Print exactly those lines that run from the beginning of the data to the line bearing "Red Cardinal Evergreen Branch Christmas Rug", inclusive.

(Beginning of Available data)

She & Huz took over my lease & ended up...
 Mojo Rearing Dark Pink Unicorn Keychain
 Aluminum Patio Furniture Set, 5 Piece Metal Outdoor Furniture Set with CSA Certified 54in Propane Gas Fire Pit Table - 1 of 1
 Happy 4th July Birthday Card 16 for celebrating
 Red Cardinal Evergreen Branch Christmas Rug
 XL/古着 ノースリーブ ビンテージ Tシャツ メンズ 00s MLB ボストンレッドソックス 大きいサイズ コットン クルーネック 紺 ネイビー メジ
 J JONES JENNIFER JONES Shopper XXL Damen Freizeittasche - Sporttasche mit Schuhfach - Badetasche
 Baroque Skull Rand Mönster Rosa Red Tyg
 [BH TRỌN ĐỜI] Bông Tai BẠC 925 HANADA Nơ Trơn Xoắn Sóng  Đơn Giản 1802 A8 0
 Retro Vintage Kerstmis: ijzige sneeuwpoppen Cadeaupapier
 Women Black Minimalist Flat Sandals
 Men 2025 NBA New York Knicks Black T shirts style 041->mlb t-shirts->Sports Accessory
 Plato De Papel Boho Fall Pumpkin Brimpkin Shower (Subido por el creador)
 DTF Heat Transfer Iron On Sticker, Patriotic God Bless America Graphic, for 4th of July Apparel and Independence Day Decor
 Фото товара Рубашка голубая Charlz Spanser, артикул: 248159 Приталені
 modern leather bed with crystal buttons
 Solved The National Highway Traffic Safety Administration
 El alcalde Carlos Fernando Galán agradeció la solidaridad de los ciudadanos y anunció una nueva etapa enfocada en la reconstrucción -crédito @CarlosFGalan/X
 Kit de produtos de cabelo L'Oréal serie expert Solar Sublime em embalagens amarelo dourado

(End of Available data)

> **Reply**:
She & Huz took over my lease & ended up...
 Mojo Rearing Dark Pink Unicorn Keychain
 Aluminum Patio Furniture Set, 5 Piece Metal Outdoor Furniture Set with CSA Certified 54in Propane Gas Fire Pit Table - 1 of 1
 Happy 4th July Birthday Card 16 for celebrating
 Red Cardinal Evergreen Branch Christmas Rug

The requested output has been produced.